Editorial / Kaviar-Diplomatie – Sportevents in Aserbaidschan
Kommende Woche reist die luxemburgische Fußballnationalmannschaft zum WM-Qualifikationsspiel nach Aserbaidschan. Das Land im Kaukasus ist in den vergangenen Jahren so etwas wie das europäische Katar geworden. Genau wie der Wüstenstaat nutzt der autoritäre aserbaidschanische Diktator Ilham Alijew den Sport zu Propagandazwecken. Reichlich Geld wurde in den vergangenen Jahren in die Außendarstellung gepumpt. 2015 fand die pompöse Premiere der Europaspiele in der Hauptstadt Baku statt, seit sechs Jahren wird an gleicher Stelle der Große Preis von Aserbaidschan in der Formel 1 ausgetragen, 2019 fand das Endspiel der Europa League in der ehemaligen sowjetischen Teilrepublik statt und 2020 beherbergte Baku vier Spiele der EM 2020. Dazu gesellen sich noch etliche kleinere Europameisterschaften. Der Ölreichtum des Landes macht all diese öffentlichkeitswirksamen Events möglich.

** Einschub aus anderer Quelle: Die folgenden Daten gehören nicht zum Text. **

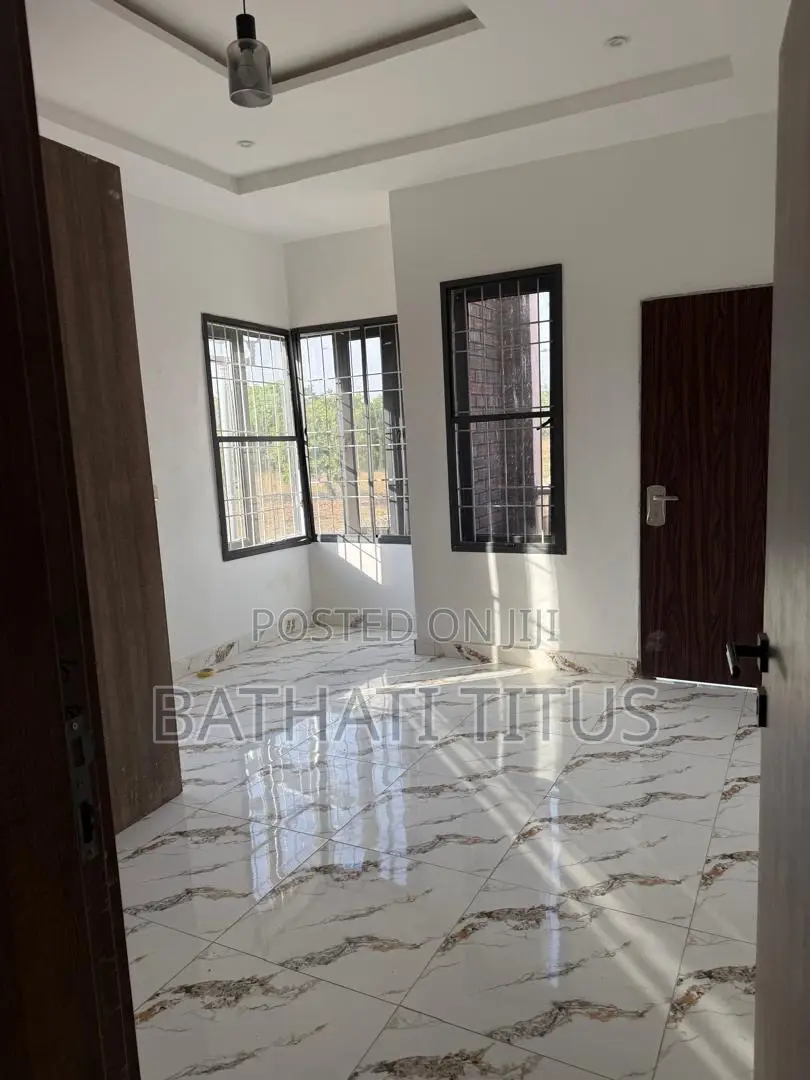 2bdrm Block of Flats in Life Camp for rent in Life Camp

Genau wie bei Katar scheren sich die Dachverbände, die diese Großveranstaltungen vergeben, herzlich wenig um Menschenrechte, Meinungsfreiheit oder Fremdenfeindlichkeit.

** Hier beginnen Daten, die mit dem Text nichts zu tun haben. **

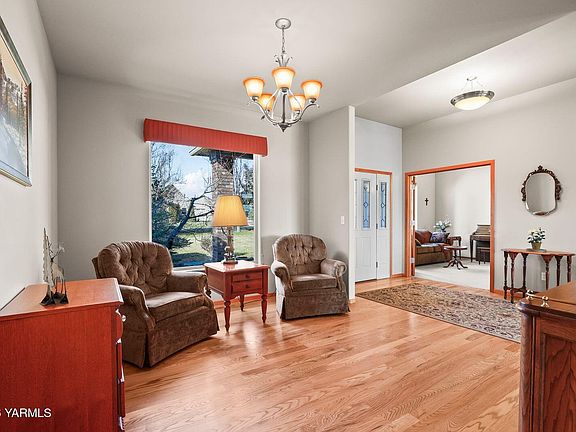 5th image of 61 Nagler Ct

2019 trat der armenische Spitzenspieler Henrik Mkhitaryan (damals in Diensten von Arsenal) nicht zum Europa-League-Endspiel in Baku an, weil er sich nicht sicher fühlte. Das gleiche Szenario ereignete sich 2018, als der ehemalige Niederkorner Stürmer Aleksandre Karapetian aus demselben Grund nicht am Hinspiel gegen FK Gabala in Aserbaidschan teilnahm. Eine Situation, die unvorstellbar wäre in den anderen Mitgliedsverbänden der UEFA. Für den Kaukasus-Staat und seine Ölfelder scheint die Toleranzschwelle jedoch groß genug zu sein.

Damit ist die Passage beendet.